* _What the task requires_
Count every line below that holds "large". The answer is the number alone.

Input material section start

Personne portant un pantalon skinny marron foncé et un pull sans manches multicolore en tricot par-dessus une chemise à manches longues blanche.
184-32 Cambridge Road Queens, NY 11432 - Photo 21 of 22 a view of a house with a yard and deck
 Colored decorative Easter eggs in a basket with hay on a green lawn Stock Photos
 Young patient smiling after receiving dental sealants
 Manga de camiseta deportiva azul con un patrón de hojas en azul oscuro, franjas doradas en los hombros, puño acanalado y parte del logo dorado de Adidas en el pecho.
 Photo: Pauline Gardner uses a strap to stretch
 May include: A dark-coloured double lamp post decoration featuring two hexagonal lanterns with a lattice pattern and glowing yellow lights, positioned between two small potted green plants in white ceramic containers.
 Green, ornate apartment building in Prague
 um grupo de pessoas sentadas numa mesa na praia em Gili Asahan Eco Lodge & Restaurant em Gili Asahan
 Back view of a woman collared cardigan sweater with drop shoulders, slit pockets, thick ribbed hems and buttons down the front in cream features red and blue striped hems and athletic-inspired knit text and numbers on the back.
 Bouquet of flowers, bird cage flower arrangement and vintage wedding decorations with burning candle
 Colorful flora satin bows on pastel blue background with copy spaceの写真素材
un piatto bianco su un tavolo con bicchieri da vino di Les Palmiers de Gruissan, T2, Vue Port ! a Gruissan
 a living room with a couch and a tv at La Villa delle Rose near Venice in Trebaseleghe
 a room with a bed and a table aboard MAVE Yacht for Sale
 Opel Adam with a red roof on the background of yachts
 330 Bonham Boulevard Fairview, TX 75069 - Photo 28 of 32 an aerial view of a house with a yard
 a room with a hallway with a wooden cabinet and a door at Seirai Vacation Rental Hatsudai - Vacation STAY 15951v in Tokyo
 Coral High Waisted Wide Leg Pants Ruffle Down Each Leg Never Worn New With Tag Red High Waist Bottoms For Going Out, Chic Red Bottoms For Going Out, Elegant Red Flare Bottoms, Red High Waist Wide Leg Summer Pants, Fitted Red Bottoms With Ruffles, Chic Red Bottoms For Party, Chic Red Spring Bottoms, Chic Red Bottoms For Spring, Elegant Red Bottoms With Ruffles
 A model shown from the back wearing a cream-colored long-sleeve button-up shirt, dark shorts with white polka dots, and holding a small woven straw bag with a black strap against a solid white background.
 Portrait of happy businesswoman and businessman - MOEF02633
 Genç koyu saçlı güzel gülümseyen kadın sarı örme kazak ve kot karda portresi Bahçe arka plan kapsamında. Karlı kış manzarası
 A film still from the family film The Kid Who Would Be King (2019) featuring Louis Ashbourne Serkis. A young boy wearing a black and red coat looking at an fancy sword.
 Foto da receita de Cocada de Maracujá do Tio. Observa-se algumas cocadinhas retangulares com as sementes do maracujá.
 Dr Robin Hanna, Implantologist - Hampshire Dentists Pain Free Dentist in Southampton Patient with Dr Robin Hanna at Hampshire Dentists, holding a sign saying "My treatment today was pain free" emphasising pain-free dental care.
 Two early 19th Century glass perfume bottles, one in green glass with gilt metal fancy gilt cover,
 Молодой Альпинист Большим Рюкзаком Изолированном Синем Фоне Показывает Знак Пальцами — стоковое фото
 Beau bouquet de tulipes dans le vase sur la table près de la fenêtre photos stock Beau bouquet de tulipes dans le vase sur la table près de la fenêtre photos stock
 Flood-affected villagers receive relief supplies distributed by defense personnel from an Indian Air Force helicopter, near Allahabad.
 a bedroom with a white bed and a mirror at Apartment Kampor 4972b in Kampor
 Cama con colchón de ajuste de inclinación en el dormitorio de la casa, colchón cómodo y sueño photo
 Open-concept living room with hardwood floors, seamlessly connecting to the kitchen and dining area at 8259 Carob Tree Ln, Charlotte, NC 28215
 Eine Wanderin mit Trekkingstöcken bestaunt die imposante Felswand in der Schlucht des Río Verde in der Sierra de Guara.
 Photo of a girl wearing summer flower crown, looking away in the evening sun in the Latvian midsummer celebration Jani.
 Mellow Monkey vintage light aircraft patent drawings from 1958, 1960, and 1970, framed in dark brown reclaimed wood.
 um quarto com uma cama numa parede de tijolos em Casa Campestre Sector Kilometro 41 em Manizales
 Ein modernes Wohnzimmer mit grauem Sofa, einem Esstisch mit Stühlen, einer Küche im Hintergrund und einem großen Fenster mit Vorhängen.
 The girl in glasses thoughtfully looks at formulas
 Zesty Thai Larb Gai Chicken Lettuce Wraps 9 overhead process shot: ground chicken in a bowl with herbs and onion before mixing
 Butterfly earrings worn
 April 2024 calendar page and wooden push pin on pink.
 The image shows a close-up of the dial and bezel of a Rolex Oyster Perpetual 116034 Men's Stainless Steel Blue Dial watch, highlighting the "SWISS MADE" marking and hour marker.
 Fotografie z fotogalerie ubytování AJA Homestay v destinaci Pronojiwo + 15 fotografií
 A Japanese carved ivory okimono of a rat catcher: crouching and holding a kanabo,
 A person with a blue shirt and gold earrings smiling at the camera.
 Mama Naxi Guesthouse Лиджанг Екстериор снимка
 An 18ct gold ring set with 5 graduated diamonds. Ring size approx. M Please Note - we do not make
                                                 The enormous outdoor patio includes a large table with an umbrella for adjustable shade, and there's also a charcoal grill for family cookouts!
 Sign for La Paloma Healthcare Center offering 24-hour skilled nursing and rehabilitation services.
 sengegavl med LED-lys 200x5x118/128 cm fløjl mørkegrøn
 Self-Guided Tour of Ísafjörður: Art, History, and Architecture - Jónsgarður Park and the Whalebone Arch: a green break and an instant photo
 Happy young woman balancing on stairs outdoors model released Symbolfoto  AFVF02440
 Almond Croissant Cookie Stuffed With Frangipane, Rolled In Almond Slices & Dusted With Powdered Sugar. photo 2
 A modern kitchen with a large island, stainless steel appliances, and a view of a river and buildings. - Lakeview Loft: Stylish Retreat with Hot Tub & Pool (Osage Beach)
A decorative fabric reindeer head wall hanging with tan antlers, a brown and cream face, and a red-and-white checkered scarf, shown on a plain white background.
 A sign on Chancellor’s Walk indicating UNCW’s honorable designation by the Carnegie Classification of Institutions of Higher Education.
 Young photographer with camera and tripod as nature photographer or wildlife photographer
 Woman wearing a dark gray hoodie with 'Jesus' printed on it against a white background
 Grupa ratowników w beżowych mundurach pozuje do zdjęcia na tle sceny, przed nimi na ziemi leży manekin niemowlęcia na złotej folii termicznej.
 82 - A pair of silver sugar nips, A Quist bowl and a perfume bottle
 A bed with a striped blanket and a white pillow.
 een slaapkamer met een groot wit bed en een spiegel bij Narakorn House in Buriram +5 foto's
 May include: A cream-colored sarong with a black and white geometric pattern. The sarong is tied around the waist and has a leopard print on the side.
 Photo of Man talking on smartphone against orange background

Input material section end

* _Response to the task_
2